There is a rule referred to in Minot vs. Boston, 201 Mass, page 10, which says that “if the verdict as recorded does not state with technical accuracy the jury’s finding upon the real issues tried and the 'Court can see how it should be corrected, it will reject what is surplusage or in some proper mode make it conform to the real issue tried,” and under that rule the Court has corrected verdicts.
In Randall vs. Peerless, &c., 212 Mass. 352, it says that “a clerical error in the statement of the conclusions of a jury established by uncontroverted evidence may be corrected.”
And in New York there is apparently a rule that allows interest to be added to the amount of the verdict where the interest period is clear and undisputed.

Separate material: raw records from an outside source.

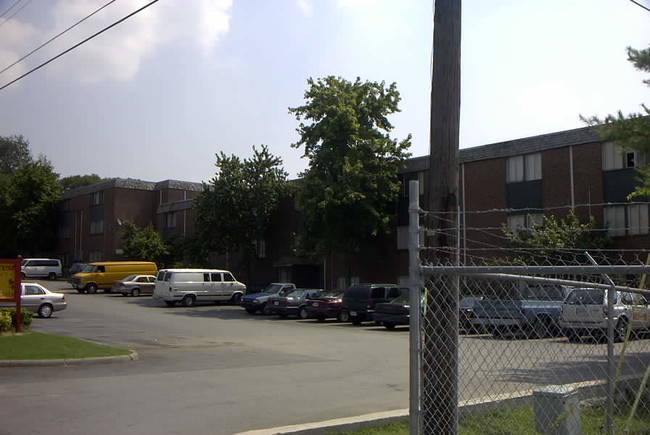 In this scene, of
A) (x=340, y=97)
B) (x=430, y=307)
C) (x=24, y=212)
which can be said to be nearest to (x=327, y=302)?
(x=340, y=97)

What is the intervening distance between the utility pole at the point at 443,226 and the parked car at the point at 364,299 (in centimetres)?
2392

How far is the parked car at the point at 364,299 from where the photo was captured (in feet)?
99.3

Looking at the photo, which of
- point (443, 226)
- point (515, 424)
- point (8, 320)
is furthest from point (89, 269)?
point (443, 226)

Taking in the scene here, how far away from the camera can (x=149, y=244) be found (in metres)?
56.7

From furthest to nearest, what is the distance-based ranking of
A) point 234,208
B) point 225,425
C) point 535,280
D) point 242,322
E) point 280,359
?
point 234,208, point 242,322, point 280,359, point 225,425, point 535,280

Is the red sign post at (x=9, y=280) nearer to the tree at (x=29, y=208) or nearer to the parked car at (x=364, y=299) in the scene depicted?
the parked car at (x=364, y=299)

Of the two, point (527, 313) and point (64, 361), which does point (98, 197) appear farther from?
point (527, 313)

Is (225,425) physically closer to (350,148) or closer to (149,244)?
(350,148)

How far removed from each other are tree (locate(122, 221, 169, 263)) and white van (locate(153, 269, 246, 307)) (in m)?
16.2

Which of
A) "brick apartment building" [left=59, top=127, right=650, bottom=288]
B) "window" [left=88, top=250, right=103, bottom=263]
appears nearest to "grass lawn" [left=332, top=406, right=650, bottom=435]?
"brick apartment building" [left=59, top=127, right=650, bottom=288]

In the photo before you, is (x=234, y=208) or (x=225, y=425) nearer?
(x=225, y=425)

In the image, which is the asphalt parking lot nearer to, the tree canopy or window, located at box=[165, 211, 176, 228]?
window, located at box=[165, 211, 176, 228]

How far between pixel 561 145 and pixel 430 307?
28844 millimetres

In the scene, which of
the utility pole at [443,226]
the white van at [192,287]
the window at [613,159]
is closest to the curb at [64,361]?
the utility pole at [443,226] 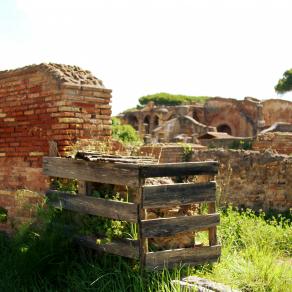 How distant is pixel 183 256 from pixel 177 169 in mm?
908

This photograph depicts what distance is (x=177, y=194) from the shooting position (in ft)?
15.6

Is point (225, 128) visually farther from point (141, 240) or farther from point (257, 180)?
point (141, 240)

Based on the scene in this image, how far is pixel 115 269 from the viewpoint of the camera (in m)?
4.62

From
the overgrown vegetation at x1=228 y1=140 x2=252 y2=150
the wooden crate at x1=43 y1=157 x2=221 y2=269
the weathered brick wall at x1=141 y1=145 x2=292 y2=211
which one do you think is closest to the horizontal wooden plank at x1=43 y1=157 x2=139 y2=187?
the wooden crate at x1=43 y1=157 x2=221 y2=269

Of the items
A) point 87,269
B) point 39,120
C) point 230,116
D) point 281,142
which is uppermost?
point 230,116

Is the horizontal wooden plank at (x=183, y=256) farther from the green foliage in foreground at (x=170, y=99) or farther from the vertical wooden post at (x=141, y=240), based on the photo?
the green foliage in foreground at (x=170, y=99)

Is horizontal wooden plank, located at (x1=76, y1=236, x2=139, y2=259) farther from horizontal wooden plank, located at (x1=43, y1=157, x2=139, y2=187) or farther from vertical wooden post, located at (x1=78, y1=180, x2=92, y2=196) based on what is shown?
horizontal wooden plank, located at (x1=43, y1=157, x2=139, y2=187)

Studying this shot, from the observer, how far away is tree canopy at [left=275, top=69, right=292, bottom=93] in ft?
168

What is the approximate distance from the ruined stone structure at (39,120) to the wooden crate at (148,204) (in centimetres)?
75

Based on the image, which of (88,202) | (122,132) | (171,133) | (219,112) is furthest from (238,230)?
(219,112)

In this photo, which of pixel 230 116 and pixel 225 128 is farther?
pixel 225 128

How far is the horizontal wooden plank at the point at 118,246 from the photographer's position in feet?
14.9

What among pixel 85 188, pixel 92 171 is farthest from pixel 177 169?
pixel 85 188

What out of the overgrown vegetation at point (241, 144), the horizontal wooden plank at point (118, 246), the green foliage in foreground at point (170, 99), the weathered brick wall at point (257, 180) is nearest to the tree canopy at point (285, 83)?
the green foliage in foreground at point (170, 99) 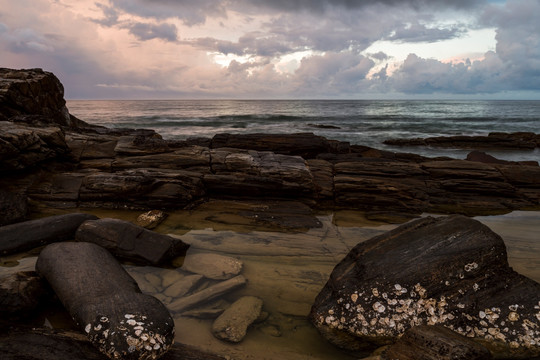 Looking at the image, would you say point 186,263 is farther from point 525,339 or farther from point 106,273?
point 525,339

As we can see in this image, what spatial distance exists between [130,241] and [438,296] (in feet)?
14.8

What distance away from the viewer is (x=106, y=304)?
340 centimetres

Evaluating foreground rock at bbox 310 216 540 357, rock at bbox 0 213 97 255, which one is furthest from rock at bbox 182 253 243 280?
rock at bbox 0 213 97 255

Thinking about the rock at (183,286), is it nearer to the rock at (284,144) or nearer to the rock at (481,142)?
the rock at (284,144)

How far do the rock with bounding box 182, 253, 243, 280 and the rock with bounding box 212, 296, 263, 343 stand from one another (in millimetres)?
766

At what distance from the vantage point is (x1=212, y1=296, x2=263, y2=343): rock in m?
3.68

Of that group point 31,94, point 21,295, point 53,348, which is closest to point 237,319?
point 53,348

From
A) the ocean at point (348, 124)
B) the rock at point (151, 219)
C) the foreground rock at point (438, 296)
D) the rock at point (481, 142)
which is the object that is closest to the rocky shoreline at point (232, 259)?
the foreground rock at point (438, 296)

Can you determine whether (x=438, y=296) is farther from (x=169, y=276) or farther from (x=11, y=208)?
(x=11, y=208)

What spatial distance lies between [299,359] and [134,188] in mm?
6172

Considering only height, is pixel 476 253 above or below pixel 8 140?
below

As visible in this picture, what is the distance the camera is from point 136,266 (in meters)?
5.23

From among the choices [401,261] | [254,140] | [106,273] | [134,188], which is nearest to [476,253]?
[401,261]

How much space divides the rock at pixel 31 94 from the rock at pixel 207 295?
9675 millimetres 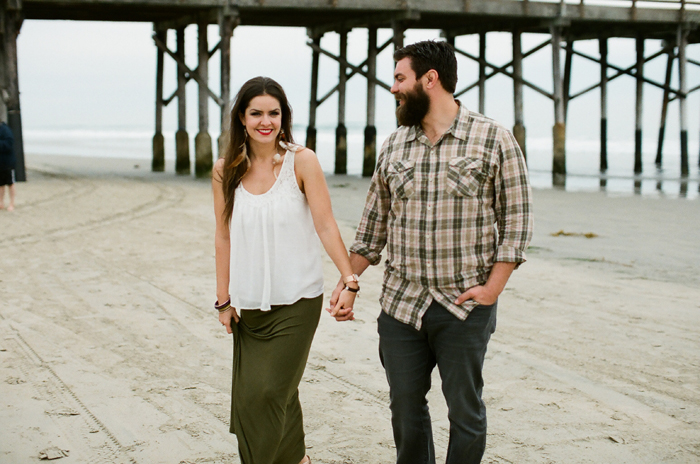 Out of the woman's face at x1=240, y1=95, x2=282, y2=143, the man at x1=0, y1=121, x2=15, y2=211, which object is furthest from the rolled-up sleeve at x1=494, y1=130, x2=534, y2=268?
the man at x1=0, y1=121, x2=15, y2=211

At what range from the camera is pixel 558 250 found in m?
8.09

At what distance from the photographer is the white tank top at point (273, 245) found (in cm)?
274

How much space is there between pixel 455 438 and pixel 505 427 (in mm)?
995

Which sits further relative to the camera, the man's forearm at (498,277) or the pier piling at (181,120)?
the pier piling at (181,120)

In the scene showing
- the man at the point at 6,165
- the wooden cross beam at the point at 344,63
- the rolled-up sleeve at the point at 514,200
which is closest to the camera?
the rolled-up sleeve at the point at 514,200

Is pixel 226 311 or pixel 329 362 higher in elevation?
pixel 226 311

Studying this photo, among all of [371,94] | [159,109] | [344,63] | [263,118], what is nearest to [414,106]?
[263,118]

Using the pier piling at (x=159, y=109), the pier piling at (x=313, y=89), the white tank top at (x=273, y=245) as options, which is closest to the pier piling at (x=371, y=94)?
the pier piling at (x=313, y=89)

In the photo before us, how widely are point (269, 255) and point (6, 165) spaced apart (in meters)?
8.32

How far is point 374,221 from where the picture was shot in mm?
2760

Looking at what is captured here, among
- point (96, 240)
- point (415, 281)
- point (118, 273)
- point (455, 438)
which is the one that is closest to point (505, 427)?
point (455, 438)

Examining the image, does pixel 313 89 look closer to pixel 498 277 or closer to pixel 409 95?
pixel 409 95

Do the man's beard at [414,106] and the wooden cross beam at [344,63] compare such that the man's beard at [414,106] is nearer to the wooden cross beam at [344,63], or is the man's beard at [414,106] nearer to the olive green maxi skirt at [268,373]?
the olive green maxi skirt at [268,373]

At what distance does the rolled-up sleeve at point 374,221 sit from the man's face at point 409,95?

In Delafield vs. Armsby Co., 109 N. Y. Sup. 314, the Court says that “a verdict for a specified sum with interest is not subject to accurate computation in the absence of something to indicate from what date the interest is to be computed; that the complaint claims interest from a certain date not wárranting the inference that the jury had that date in mind.”
In Schnaufer vs. Ahr, 53 Misc. N. Y. 299, the Court says: “Even assuming that the jury intended to allow some interest on the claim, the 'date from which interest would have been allowed and, consequently, the amount of such interest are not clearly shown.”
In Rhode Island, the Court >says, in Lashua vs. Markham, 21 R. I. 492, where the jury returned a verdict “for $125 with interest at 6%”, that “the verdict in respect to interest is too uncertain for computation because it does not state the time for which interest is to run. Even if the verdict had been sufficiently accurate in this respect, before the verdict is taken, interest should be computed and included in the amount for which the verdict is returned.”
The practice in this State has been to include the interest in the amount of the verdict and there is a question in the mind of the Court as to whether under the decision in the Lashua case a verdict can be amended to include the interest even if there is no doubt as to the amount of the interest.
In the case at bar there is a question as to the period for which interest should be computed because of a difference in the testimony of the plaintiff and the defendant. The plaintiff, Frank H. Bowerman testified that he presented a bill of $8,477.33 to the defendant in January, 1921. In cross-examination he says that “around the first of the year 1921” he presented this bill for $8,477.33 but cannot give the exact date.
The defendant, Mr. Peirce, says that Mr. Bowerman brought him a bill in the early part of December, 1920, when he came to his house, and that that is the only bill that was ever rendered him by the plaintiff; the amount of that bill was $8,977.33.
Accordingly, even under the rule laid *12down in the New York and Massachusetts decisions, the Court does not see how the amount of the interest can be added as it is a disputed fact when the demand was actually made upon the defendant to pay the bill. The interest might have been figured by the jury from some day in December, 1920, or from some day in January, 1921.
For plaintiff: Wilson, Churchill & Curtis. For defendant: Herbert E. Eklund and W. W. Blodgett.The Court does not know which of those two dates, if either, the jury had in mind when they spoke of the date of the demand for payment in their affidavit. They did not fix the date of the demand and where the date is in dispute, the Court can not fix it for them.
Accordingly the motion of the plaintiff must be denied.